Former President George W. Bush was making his first direct foray into the 2016 campaign Monday in South Carolina, hoping a state that put him on the path to the White House 16 years ago can do the same for his brother, Jeb.
The younger Bush’s decision to put the former president front-and-center underscores his tenuous position in a race he was once expected to dominate. Bush is seeking to trade on his family’s popularity in South Carolina, even if that means reviving his brother’s complicated legacy and reminding voters eager to break with the political establishment that he’d be the third Bush to serve as president.
"The Bush family is beloved," South Carolina Sen. Lindsey Graham said Monday. Graham joined the former president and wife, Laura, at an American Legion Post in Columbia, where they greeted the crowd before traveling to Charleston for an evening rally.
Presidents George W. Bush and George H.W. Bush each won two Republican primaries in South Carolina, and their family retains deep social and political ties here. But in the turbulent 2016 race, the state appears to be Donald Trump’s to lose.
On Monday, the billionaire seemed intent on overshadowing Bush’s return to presidential politics. Trump scheduled events in Charleston, where the Bush family would be campaigning, and leveled multiple attacks against the brothers on Twitter.
"Now that George Bush is campaigning for Jeb (!), is he fair game for questions about World Trade Center, Iraq War and (economic) collapse?" Trump wrote. "Careful!"
Supporters of Ohio Gov. John Kasich, another Republican presidential candidate, suggested Jeb was now a fair target. South Carolina State Rep. Gary Clary took aim at Bush’s economic record, noting that Kasich helped forge a balanced budget while serving in Congress and working with Democratic President Bill Clinton.
"He handed it off to President George W. Bush who proceeded to increase federal spending by an astonishing 83 percent over his two terms," Clary said.
While Trump has dished out biting critiques against nearly all his rivals, he seems to delight particularly in targeting Bush. The former Florida governor was initially unnerved by the attacks, but he’s grown more comfortable taking on the brash real estate mogul and has relished in being one of the few GOP candidates willing to do so.
"I could care less about the insults that Donald Trump gives to me. It’s blood sport for him," Bush said during Saturday’s GOP debate. "I am sick and tired of him going after my family."

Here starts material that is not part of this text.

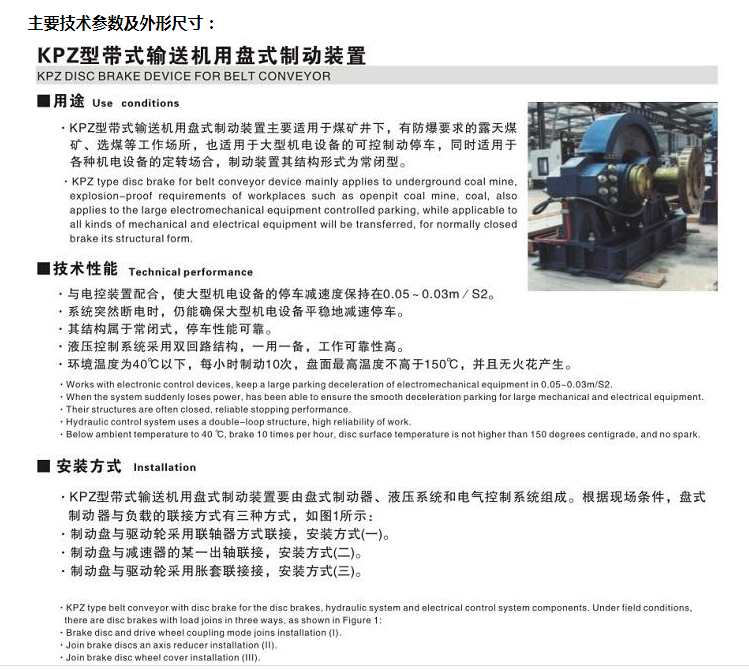 KPZ型帶式輸送機用(yòng)盤式製動裝(zhuāng)置1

Despite his deep loyalty to his family, Bush has struggled with what role they should play in his campaign, particularly his brother. The 43rd president left office deeply unpopular with a nation fatigued by the Iraq War and angry over his botched response to Hurricane Katrina.
Since leaving the White House in early 2008, Bush has kept a low profile. He retreated to his home state of Texas, where he picked up painting and delved into work on his presidential library, public health projects in Africa, and events for wounded military service members.
Friends say he’s remained engaged in his brother’s campaign behind the scenes and like their father, has struggled to comprehend how Trump has taken command of a party he once led.
With Jeb Bush’s opportunities to revive his campaign dwindling, the family is taking a more active role.
Family matriarch Barbara Bush had hit the campaign trail in New Hampshire, delighting voters with her outspoken style and tenacity, as the 90-year-old traipsed through snow to get to events. Her elderly husband is too frail to campaign, but has sent fundraising emails on his son’s behalf.
Bush’s campaign knows there are risks in wrapping the candidate in his family’s deep political history. Trump’s unexpected rise has underscored the public’s frustration with Republican Party leaders and anyone considered part of the political establishment.
But perhaps with little left to lose, Bush seems to be growing not just tolerant of his family’s long shadow, but also comfortable with it.
Asked during a town hall event in New Hampshire how he could try to distinguish himself from people reluctant to see a third Bush to serve as president, he said simply, "People are just going to have to get over it."